- **TASK**: Only those lines in the data below from the line containing "6351 Hampton Drive" through the line containing "Used 2025 Hyundai Elantra SEL FWD image 17", both included, should be restated word for word.
[[ DATA SHOWN, beginning ]]
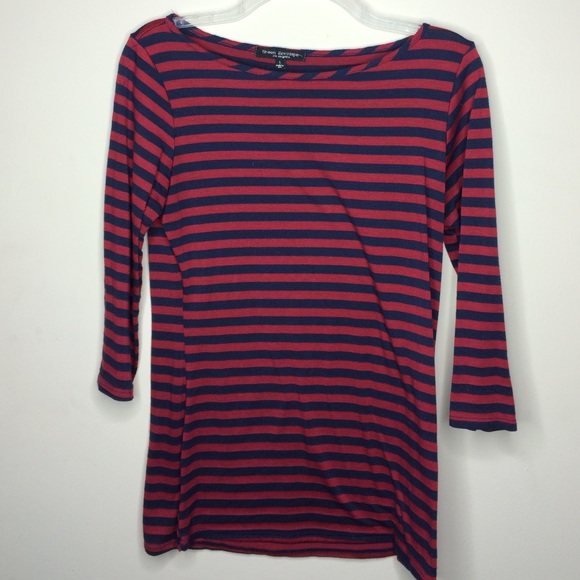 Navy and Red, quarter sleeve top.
[[ DATA SHOWN, end ]]
[[ DATA SHOWN, beginning ]]
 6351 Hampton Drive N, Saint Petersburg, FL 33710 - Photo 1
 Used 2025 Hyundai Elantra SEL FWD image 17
[[ DATA SHOWN, end ]]
- **TASK SOLUTION**:
 6351 Hampton Drive N, Saint Petersburg, FL 33710 - Photo 1
 Used 2025 Hyundai Elantra SEL FWD image 17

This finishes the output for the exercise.